Hotel Pod Orłem (Under The Eagle) is a historical hotel building on 14 Gdańska Street, in the city of Bydgoszcz.

==Location==
The building stands on the eastern side of Gdańska Street in Bydgoszcz, near Dworcowa Street. The hotel has a "U" shape, with irregular and uneven corners. Its footprint is delineated by two streets (Gdanska and Parkowa) and by the Park Casimir the Great Bydgoszcz to the east.

==History==

===Prussian period===
Hotels in this location date back to the beginning of the 19th century, when an inn was built by the Gliszczyński family en route to Gdańsk. In 1822, a carpenter of the Gliszczyńskis' built a new building called the Hotel "The Eagle" (Gasthof zum Adler) next to the old one. Hotel "The Eagle" is one of the first hotels built in the suburb of Bydgoszcz, then officially called Bromberg.

Around 1850, August Friedrich Bernhardt, a baker, bought the building and a nearby piece of land. Between 1875 and 1879, his newly created company was taken over by his son Emil Bernhardt, who had returned from Switzerland where he had taken hotel and catering courses. In 1880 Emil Bernhardt married Louise Müller, daughter of a landlord in the vicinity of Schneidemühl, who had a very substantial dowry.
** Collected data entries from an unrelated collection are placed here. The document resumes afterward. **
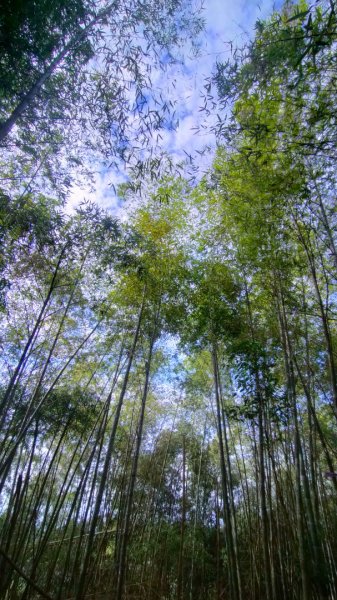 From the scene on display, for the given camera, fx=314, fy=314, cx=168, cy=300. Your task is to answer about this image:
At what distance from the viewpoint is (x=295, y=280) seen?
5.03 meters

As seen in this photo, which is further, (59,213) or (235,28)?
(59,213)

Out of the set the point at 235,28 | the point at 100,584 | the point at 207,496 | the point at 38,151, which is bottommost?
the point at 100,584

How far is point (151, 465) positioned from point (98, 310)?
17.4 feet

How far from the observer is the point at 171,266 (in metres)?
5.55

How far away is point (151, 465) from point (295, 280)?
21.7ft

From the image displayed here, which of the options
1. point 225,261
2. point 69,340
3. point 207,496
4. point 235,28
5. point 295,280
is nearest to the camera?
point 235,28

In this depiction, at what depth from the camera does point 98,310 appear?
585 centimetres

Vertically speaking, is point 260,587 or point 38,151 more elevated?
point 38,151

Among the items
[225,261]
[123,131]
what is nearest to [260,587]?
[225,261]

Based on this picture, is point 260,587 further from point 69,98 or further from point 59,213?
point 69,98

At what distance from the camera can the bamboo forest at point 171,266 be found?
2.79 m

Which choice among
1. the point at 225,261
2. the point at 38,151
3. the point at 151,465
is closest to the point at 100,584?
the point at 151,465

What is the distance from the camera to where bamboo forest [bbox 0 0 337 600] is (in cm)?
279

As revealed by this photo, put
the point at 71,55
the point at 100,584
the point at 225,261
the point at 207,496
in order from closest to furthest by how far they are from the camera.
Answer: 1. the point at 71,55
2. the point at 225,261
3. the point at 100,584
4. the point at 207,496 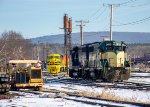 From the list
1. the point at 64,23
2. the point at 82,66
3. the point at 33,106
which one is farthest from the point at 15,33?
the point at 33,106

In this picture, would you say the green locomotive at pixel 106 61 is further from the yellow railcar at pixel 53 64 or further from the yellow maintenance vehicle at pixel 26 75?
the yellow railcar at pixel 53 64

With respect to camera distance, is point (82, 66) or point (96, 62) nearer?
point (96, 62)

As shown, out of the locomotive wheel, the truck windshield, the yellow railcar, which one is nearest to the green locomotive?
the locomotive wheel

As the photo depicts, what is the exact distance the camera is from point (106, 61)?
36219 millimetres

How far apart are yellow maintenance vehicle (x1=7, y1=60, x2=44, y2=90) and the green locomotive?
10694 mm

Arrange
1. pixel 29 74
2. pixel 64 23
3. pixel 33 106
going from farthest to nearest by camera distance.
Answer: pixel 64 23
pixel 29 74
pixel 33 106

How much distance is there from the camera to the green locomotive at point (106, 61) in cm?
3544

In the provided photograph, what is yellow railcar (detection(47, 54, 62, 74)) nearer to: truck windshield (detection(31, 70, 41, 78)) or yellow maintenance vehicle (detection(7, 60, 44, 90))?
yellow maintenance vehicle (detection(7, 60, 44, 90))

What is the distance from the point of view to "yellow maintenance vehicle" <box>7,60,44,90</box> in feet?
83.3

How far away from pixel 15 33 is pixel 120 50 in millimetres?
95891

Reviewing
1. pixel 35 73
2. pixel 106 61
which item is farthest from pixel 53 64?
pixel 35 73

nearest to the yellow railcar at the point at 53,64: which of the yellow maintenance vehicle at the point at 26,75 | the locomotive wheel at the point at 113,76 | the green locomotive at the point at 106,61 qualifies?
the green locomotive at the point at 106,61

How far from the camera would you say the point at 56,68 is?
56625mm

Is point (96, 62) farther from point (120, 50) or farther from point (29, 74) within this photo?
point (29, 74) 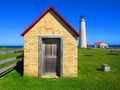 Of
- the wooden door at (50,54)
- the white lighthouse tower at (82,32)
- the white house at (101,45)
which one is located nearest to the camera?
the wooden door at (50,54)

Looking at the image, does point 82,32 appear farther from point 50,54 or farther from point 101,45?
point 50,54

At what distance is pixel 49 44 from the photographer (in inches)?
437

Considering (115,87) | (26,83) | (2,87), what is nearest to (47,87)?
(26,83)

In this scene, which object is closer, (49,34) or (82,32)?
(49,34)

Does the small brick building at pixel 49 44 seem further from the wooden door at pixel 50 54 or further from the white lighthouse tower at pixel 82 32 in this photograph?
the white lighthouse tower at pixel 82 32

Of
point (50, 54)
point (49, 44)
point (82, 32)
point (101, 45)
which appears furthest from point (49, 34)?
point (101, 45)

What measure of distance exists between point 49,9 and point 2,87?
566 cm

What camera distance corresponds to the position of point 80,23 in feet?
232

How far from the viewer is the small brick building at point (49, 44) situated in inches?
424

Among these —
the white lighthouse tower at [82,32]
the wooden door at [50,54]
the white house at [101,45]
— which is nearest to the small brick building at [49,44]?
the wooden door at [50,54]

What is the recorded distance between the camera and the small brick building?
35.4 feet

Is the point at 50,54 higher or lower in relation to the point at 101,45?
lower

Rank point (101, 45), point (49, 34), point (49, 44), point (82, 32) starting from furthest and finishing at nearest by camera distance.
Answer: point (101, 45) → point (82, 32) → point (49, 44) → point (49, 34)

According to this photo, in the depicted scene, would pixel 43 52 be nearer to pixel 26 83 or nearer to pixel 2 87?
pixel 26 83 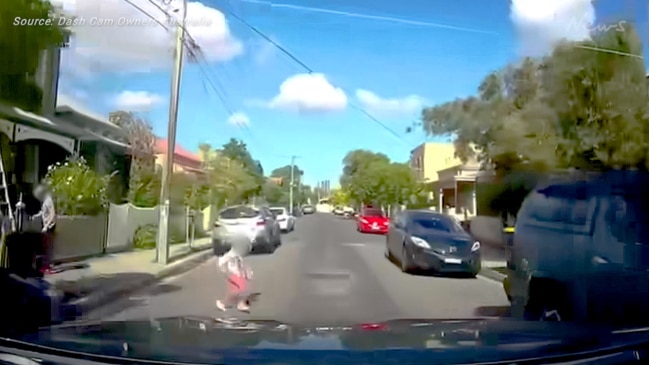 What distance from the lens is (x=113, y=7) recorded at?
4043mm

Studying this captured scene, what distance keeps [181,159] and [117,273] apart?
735 millimetres

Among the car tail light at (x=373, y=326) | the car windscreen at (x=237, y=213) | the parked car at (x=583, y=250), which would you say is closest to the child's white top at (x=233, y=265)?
the car windscreen at (x=237, y=213)

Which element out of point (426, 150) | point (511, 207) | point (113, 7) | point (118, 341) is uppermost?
point (113, 7)

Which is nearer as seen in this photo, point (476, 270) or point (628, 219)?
point (476, 270)

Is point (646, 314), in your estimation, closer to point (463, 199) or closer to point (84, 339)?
point (463, 199)

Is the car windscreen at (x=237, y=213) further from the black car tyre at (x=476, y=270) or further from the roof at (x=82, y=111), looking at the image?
the black car tyre at (x=476, y=270)

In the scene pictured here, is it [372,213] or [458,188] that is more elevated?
[458,188]

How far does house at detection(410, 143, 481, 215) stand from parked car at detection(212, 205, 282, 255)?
0.92m

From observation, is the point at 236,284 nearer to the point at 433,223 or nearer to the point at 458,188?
the point at 433,223

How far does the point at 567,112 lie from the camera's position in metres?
4.38

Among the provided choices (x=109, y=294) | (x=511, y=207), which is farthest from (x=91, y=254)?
(x=511, y=207)

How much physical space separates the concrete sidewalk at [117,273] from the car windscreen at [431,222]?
1202 mm

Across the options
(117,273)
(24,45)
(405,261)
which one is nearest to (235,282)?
(117,273)

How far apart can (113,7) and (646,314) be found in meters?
3.24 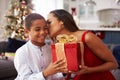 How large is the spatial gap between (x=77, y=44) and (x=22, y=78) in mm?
323

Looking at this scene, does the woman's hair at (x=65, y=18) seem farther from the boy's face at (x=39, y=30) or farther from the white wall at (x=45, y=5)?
the white wall at (x=45, y=5)

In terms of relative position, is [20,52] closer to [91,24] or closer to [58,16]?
[58,16]

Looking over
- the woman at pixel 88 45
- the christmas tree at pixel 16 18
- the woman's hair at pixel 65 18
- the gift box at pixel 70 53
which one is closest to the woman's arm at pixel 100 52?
the woman at pixel 88 45

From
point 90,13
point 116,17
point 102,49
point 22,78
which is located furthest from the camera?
A: point 90,13

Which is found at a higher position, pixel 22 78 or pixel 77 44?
pixel 77 44

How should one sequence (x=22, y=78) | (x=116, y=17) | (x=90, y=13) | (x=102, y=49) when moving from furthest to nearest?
(x=90, y=13) < (x=116, y=17) < (x=102, y=49) < (x=22, y=78)

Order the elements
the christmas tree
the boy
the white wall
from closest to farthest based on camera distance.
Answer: the boy
the christmas tree
the white wall

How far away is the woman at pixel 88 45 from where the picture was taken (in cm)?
129

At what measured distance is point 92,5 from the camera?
19.1ft

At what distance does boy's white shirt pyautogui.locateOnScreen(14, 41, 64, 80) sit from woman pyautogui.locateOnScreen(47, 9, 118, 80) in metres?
0.10

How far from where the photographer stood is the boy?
1.22 meters

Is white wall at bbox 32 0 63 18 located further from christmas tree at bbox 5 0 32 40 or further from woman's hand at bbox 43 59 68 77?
woman's hand at bbox 43 59 68 77

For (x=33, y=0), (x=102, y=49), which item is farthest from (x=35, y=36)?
(x=33, y=0)

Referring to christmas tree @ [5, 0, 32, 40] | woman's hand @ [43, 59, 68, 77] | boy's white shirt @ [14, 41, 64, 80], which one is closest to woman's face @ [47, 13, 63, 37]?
boy's white shirt @ [14, 41, 64, 80] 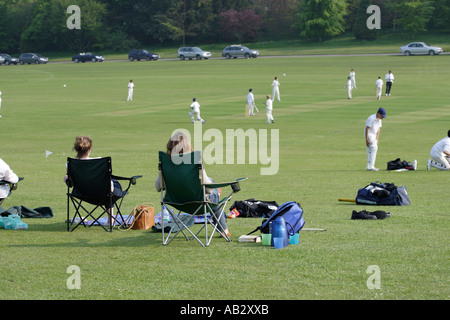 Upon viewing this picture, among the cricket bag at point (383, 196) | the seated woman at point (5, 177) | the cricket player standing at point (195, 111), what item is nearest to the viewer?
the seated woman at point (5, 177)

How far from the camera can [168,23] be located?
104m

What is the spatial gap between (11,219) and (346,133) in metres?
22.7

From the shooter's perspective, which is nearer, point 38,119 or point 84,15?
point 38,119

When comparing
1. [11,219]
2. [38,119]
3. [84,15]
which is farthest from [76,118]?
[84,15]

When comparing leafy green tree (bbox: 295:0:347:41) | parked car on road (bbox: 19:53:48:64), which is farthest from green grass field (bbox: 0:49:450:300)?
parked car on road (bbox: 19:53:48:64)

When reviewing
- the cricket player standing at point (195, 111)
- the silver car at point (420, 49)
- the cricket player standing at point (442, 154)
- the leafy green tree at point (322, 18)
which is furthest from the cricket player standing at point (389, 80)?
the leafy green tree at point (322, 18)

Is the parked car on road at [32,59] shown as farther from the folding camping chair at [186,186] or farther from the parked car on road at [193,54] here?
the folding camping chair at [186,186]

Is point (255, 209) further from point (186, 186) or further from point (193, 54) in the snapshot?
point (193, 54)

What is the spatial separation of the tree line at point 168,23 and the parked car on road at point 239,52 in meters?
9.84

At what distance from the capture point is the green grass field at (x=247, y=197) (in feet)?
23.6

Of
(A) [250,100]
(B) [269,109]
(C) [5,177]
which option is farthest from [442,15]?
(C) [5,177]

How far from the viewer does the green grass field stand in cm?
719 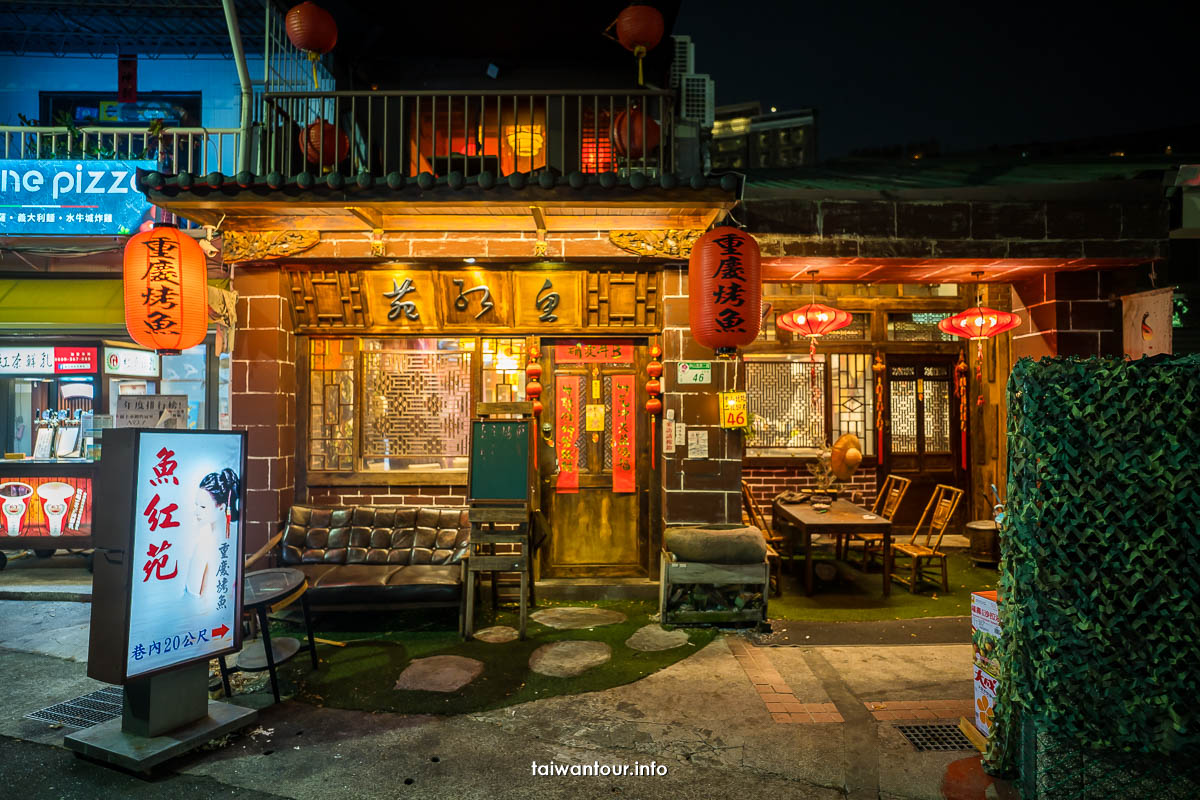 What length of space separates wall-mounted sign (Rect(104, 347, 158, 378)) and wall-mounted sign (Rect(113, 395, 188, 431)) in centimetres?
413

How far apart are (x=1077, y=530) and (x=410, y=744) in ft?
14.1

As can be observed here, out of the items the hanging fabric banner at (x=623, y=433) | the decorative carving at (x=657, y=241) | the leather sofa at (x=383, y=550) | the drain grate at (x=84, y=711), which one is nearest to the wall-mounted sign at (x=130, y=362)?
→ the leather sofa at (x=383, y=550)

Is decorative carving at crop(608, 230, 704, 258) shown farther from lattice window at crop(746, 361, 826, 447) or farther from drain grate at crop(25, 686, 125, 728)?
drain grate at crop(25, 686, 125, 728)

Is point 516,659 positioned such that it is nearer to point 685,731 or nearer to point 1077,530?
point 685,731

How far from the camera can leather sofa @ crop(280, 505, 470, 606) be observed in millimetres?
6559

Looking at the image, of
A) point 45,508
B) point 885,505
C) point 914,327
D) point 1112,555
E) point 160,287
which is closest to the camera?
point 1112,555

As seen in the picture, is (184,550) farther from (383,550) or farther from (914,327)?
(914,327)

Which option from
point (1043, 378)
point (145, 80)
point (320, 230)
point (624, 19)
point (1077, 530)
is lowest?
point (1077, 530)

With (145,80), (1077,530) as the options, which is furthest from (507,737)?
(145,80)

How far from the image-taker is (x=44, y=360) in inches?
393

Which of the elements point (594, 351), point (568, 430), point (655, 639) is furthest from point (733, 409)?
point (655, 639)

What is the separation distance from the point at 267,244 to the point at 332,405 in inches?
80.7

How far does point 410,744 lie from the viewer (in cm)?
454

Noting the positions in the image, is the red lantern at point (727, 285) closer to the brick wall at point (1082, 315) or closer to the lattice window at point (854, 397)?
the brick wall at point (1082, 315) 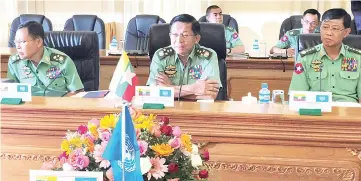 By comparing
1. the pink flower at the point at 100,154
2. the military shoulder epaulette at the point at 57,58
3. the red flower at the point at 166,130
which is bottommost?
the pink flower at the point at 100,154

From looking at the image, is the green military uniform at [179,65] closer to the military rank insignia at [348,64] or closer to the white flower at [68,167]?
the military rank insignia at [348,64]

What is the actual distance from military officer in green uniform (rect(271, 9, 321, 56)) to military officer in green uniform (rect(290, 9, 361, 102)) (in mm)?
1294

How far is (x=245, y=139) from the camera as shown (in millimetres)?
1663

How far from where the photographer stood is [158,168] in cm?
112

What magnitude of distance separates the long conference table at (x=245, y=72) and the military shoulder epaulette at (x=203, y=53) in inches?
38.5

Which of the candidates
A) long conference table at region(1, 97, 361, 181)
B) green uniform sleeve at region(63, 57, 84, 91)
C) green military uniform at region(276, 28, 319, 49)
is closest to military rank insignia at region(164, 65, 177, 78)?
green uniform sleeve at region(63, 57, 84, 91)

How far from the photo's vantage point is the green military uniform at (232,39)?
14.6ft

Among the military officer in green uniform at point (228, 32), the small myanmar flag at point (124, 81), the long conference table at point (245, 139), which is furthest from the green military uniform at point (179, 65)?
the military officer in green uniform at point (228, 32)

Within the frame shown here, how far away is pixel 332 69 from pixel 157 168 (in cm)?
175

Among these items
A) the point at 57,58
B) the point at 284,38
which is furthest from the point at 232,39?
the point at 57,58

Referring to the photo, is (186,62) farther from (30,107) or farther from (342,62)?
(30,107)

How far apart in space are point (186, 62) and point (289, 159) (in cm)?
112

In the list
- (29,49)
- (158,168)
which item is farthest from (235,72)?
(158,168)

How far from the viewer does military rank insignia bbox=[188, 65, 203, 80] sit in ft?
8.70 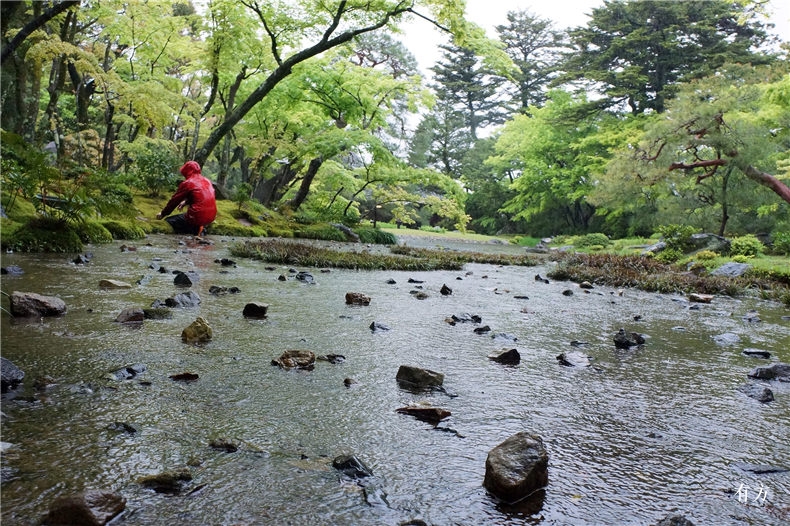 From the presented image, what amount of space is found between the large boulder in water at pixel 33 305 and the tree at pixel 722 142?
1832 cm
A part of this dowry was likely invested in the construction of Emil Bernhardt's house, located at Gdansks street 16.

In 1893 Emil Bernhardt commissioned a Bromberg-born architect, Józef Święcicki, to realize his new hotel project. This building was to stretch under a huge sculpture of an eagle with spread wings. Święcicki's design was based on similar projects from Berlin and Munich. As a signature, Święcicki hid his self-portrait among the row of allegorical heads adorning the façade. The property was built between 1894 and 1896. When completed, the building became the largest and most modern hotel in Bromberg, with an extensively detailed façade and interior decoration.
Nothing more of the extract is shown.